Le genre du thriller se déroulant dans des casinos est une formule qui fonctionne plutôt bien, au moins commercialement parlant, comme le prouve les succès des Ocean's. Alors, pour ne pas trop changer de registre, on monte un casting mélangeant habilement jeunes stars montantes (
Jim Sturgess,
Kate Bosworth) et vedettes confirmées (
Kevin Spacey,
Laurence Fishburne) pour se plonger au cœur d'un nouveau « casse ». Casse bien particulier puisqu'il s'agit ici en fait de l'histoire vraie d'un groupe d'étudiants scientifiques brillants qui va récolter une somme colossale d'argent en « comptant » les cartes sur les tables de Black-Jack. Tout va aller comme sur des roulettes jusqu'au jour où, bien évidemment, les gérants du casino vont se rendre compte du petit manège et les choses vont alors sérieusement se corser.
Sur un sujet plutôt intéressant qui aurait pu donner un film à haute tension entre de bonnes mains,
Las Vegas 21 s'avère être un film qui plume autant le spectateur que ses protagonistes dépouillent les casinos. Dirigé par
Robert Luketic, réalisateur impersonnel de
La Revanche d'une blonde (son charme n'est dû qu'à la prestation de
Reese Witherspoon) ou
Sa mère ou moi !, ce thriller s'avère être d'une platitude et d'une incapacité à faire monter la sauce assez désolante. En instaurant une photographie très laide qui dessert le film, il commence par agresser les yeux avant d'agresser notre cerveau en optant pour une mise en scène clinquante faite d'effets de montage superflus afin de tenter de compenser un manque de rythme flagrant, et nous sert en plus de ça une intrigue linéaire sans surprise dans un film où les acteurs semblent avoir été très vaguement dirigés tant ils peinent à nous convaincre.
L'unique bénéficiaire du film est
Kate Bosworth, bien moins transparente que dans
Superman Returns, qui semble être la seule à se débattre pour tenter d'apporter un peu d'épaisseur à son personnage.

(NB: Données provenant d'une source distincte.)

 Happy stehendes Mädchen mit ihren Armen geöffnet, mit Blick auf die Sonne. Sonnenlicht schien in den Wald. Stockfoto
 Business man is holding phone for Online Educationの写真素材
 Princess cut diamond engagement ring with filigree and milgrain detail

Jim Sturgess, nouvelle coqueluche d'Hollywood, ne semble pas bien saisir toute l'ampleur de son rôle (il s'agit du personnage principal tout de même) tandis que
Kevin Spacey et
Laurence Fishburne semblent se payer de belles vacances en cachetonnant un maximum.

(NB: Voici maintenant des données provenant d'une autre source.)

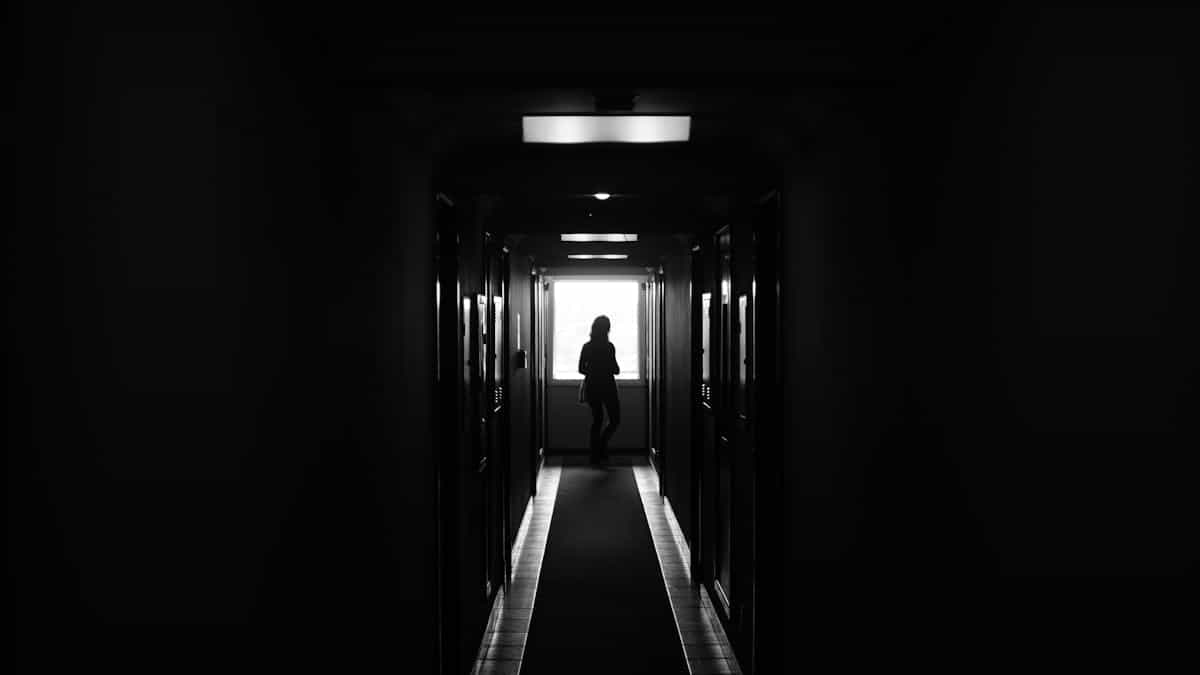 A dramatic silhouette of a lone figure standing in a dark hallway representing the threatening or distorted presence that can appear in mirror dreams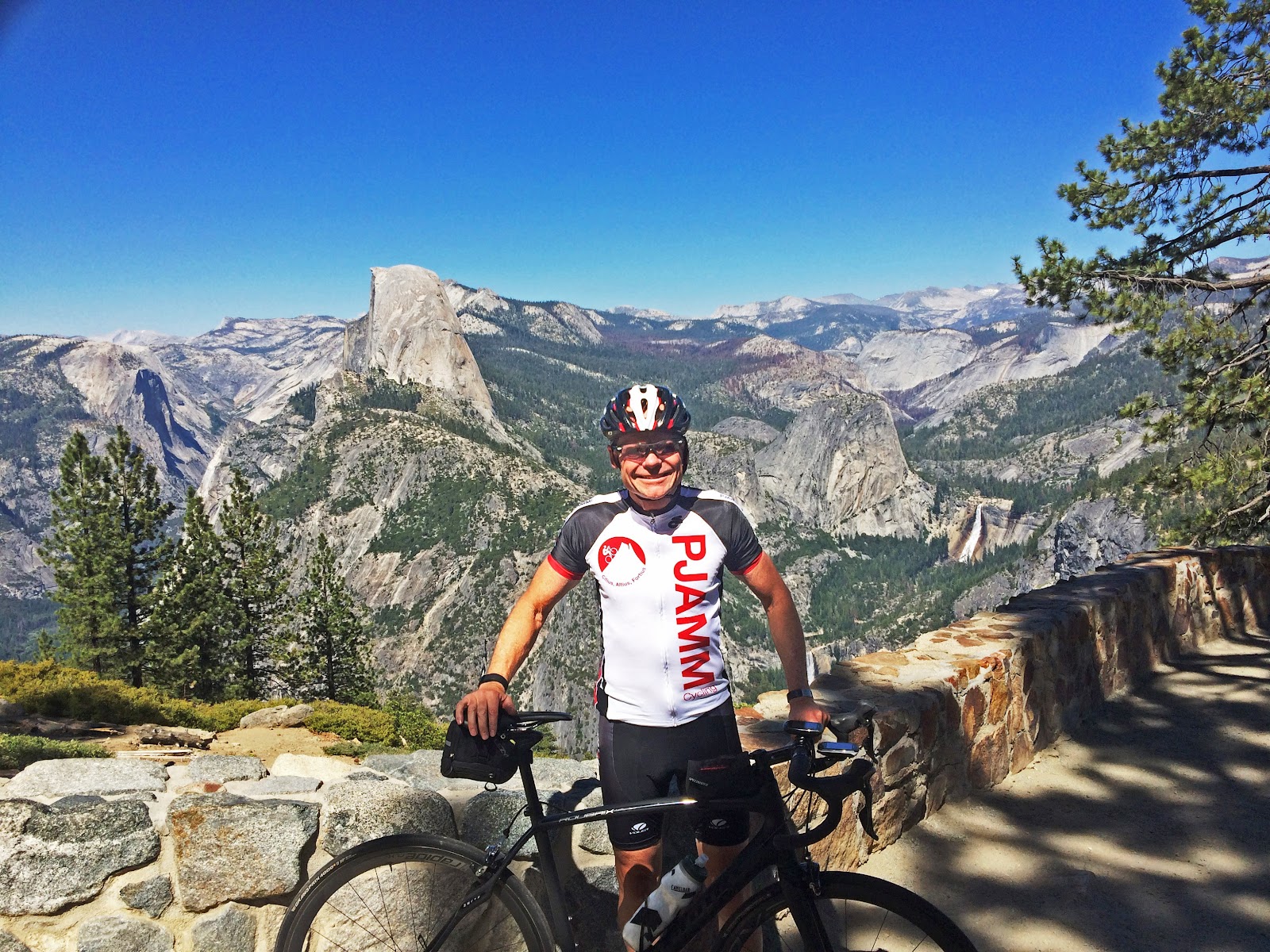 Cycling California top bike climbs - cyclists with bike with half dome and Nevada and Vernal falls in background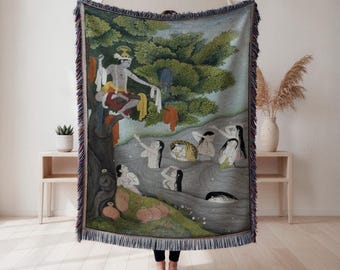 May include: A woven throw blanket with a detailed illustration of a scene with figures in a river and a person in a tree. The artwork has a muted colour palette with green, blue, and red accents. The blanket has a fringed edge.
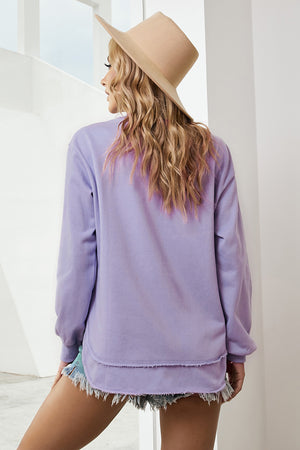 Purple sweatshirt with asymmetric hemline and raw edge detail.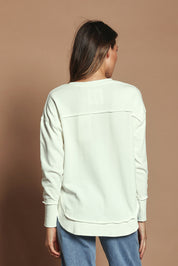 Model Madeline wearing size 10 of the Elements Simplified Cotton Crew in colour Ecru (White), from the back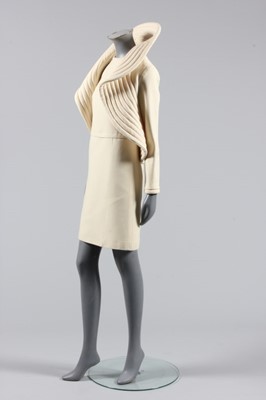 Lot 94 - A Pierre Cardin cream wool crepe 'circle'...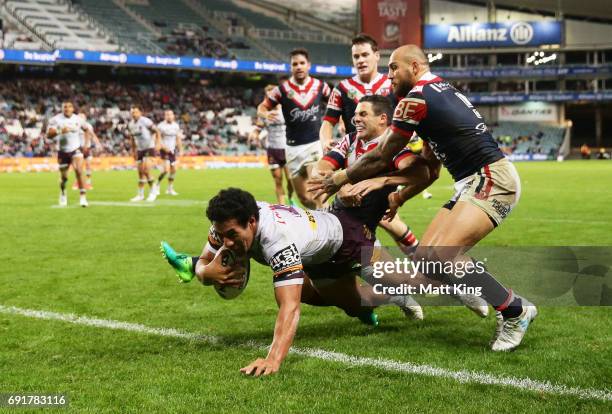 Tautau Moga of the Broncos scores the final try during the round 13 NRL match between the Sydney Roosters and the Brisbane Broncos at Allianz Stadium...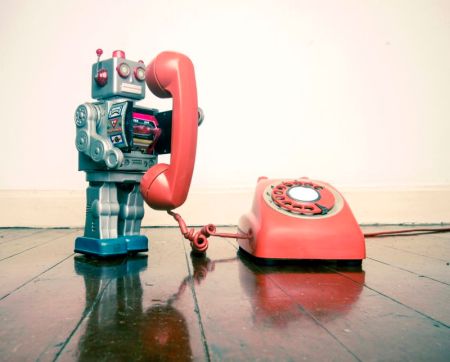 big silver robot toy on the phone standing on an old wooden floor t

Las Vegas 21 est un film vain qui joue tout sur l'image en exposant un environnement bling-bling à foison sans y apporter de nuances, sur fond de musiques « à la mode » qui flatteront les accros à
NRJ. Du cinéma « à consommer sur place » vite oublié. Si on voudrait être réellement mauvaise langue, on pourrait dire que la présence de
Brett Ratner en tant que producteur exécutif n'est même pas surprenante (à l'image du film). Tant pis, c'est dit. Las Vegas 21 peine à passionner, à cause de la simplicité de son intrigue où l’on voit tout venir et d'un gros problème de rythme.